*Description of the task*
Find all lines in the records that include the word "take", and copy them out.

*The data*

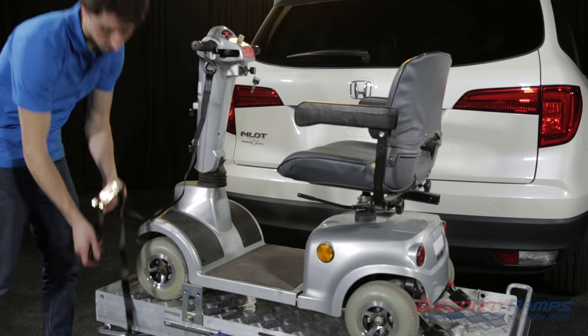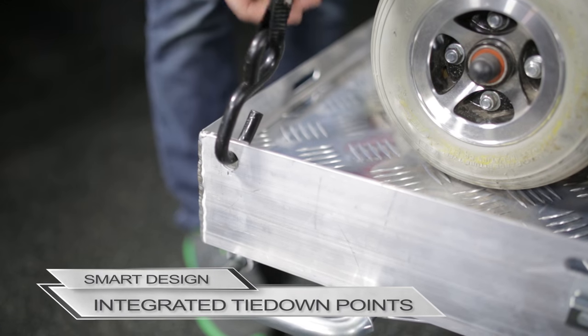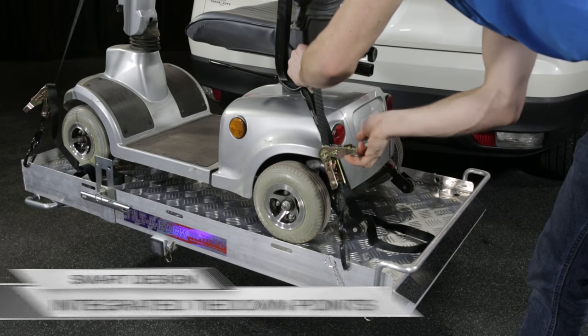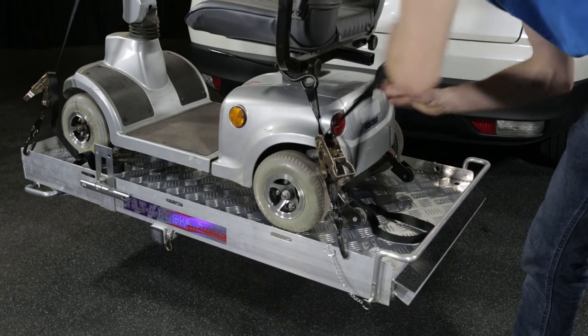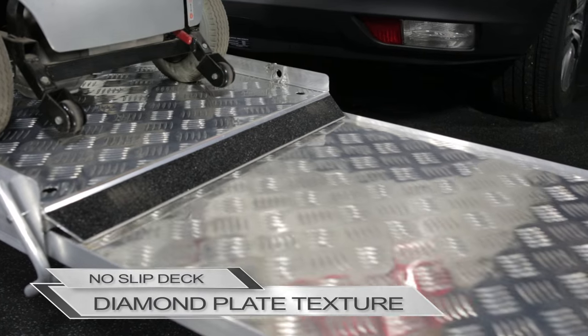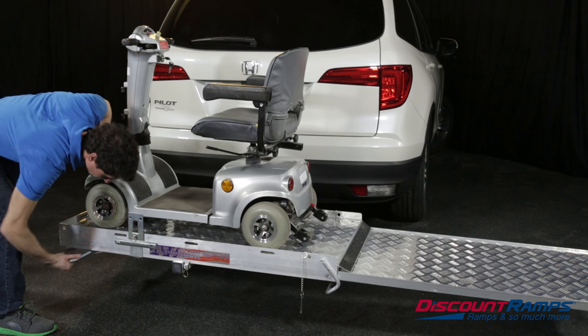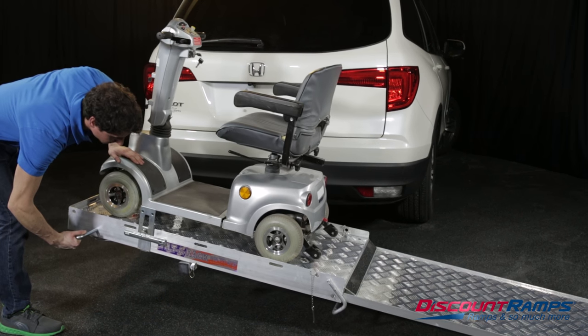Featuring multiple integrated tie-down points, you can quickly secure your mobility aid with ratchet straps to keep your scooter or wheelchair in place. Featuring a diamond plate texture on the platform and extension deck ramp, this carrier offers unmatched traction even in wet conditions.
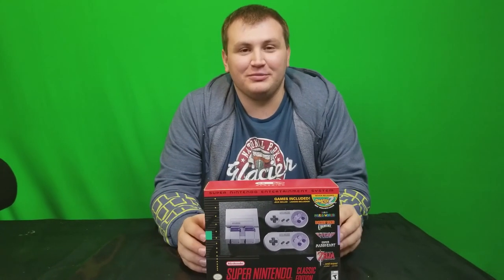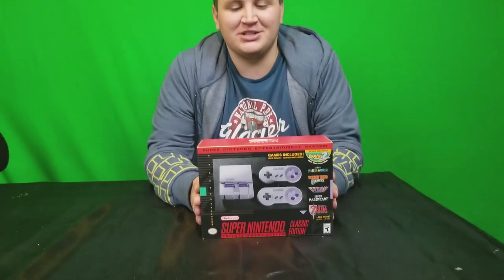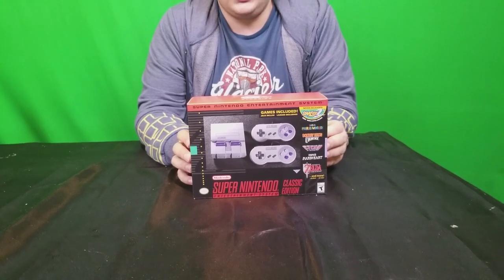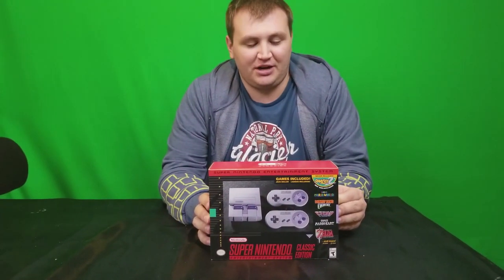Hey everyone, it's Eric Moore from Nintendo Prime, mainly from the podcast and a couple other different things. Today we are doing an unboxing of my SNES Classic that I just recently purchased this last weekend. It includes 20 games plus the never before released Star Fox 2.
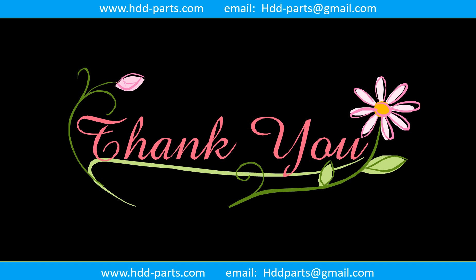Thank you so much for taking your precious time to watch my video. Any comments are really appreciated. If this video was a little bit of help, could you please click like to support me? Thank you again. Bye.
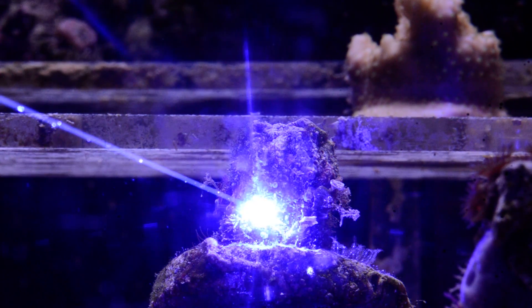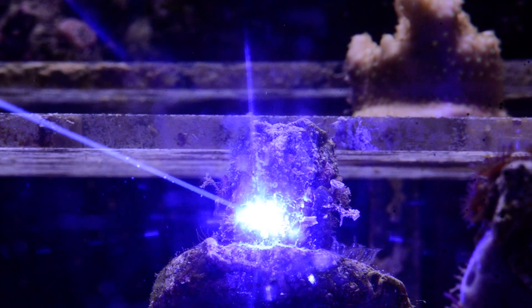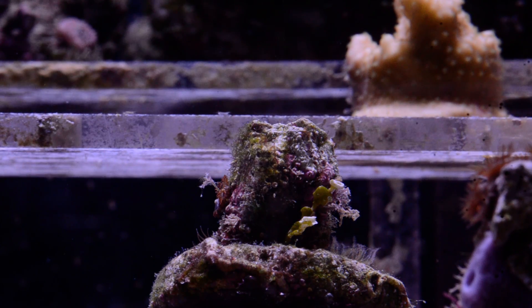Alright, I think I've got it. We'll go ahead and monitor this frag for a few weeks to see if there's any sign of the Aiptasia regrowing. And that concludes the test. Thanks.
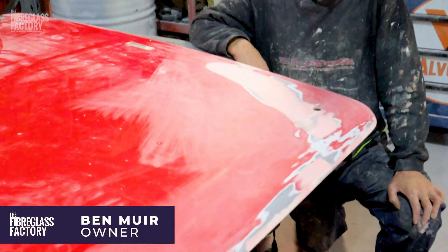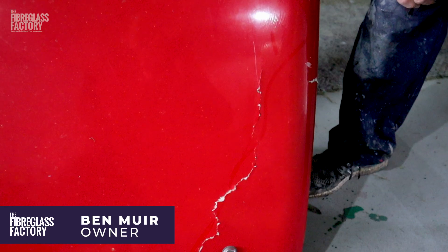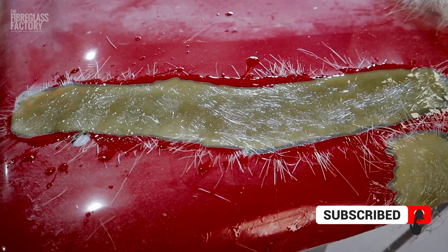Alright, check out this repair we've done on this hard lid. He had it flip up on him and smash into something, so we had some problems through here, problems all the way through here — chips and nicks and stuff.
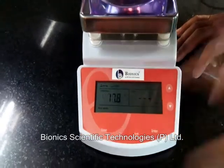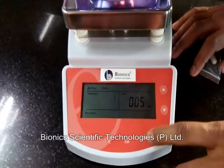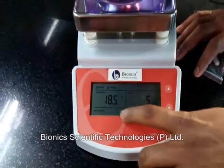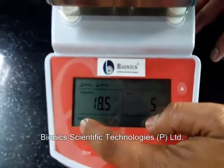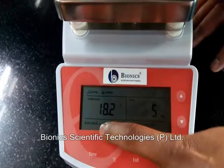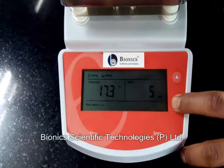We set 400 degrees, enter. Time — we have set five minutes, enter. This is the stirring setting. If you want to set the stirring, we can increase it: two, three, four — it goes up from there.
--
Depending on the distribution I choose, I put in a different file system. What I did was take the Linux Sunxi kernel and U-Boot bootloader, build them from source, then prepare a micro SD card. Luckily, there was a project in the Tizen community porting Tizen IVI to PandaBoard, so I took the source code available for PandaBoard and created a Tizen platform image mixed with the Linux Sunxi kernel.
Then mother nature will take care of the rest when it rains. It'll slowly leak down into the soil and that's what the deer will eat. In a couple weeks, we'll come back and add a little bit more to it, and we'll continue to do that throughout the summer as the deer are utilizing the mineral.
---
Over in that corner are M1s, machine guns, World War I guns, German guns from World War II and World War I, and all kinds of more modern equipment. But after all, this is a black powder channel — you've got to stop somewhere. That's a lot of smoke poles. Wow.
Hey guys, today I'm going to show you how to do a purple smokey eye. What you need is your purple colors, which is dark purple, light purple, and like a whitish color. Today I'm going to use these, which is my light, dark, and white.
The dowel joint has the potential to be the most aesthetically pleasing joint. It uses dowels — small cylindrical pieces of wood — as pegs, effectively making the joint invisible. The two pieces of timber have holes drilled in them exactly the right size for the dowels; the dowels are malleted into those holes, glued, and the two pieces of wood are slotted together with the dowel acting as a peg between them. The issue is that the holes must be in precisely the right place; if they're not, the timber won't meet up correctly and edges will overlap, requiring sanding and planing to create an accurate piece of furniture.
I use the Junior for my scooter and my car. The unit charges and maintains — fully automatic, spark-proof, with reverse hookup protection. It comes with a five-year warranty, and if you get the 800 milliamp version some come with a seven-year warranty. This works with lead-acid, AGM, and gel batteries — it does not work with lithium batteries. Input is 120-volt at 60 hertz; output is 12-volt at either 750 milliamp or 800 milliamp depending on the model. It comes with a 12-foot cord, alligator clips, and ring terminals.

*Output of the exercise*
Depending on the distribution I choose, I put in a different file system. What I did was take the Linux Sunxi kernel and U-Boot bootloader, build them from source, then prepare a micro SD card. Luckily, there was a project in the Tizen community porting Tizen IVI to PandaBoard, so I took the source code available for PandaBoard and created a Tizen platform image mixed with the Linux Sunxi kernel.
Then mother nature will take care of the rest when it rains. It'll slowly leak down into the soil and that's what the deer will eat. In a couple weeks, we'll come back and add a little bit more to it, and we'll continue to do that throughout the summer as the deer are utilizing the mineral.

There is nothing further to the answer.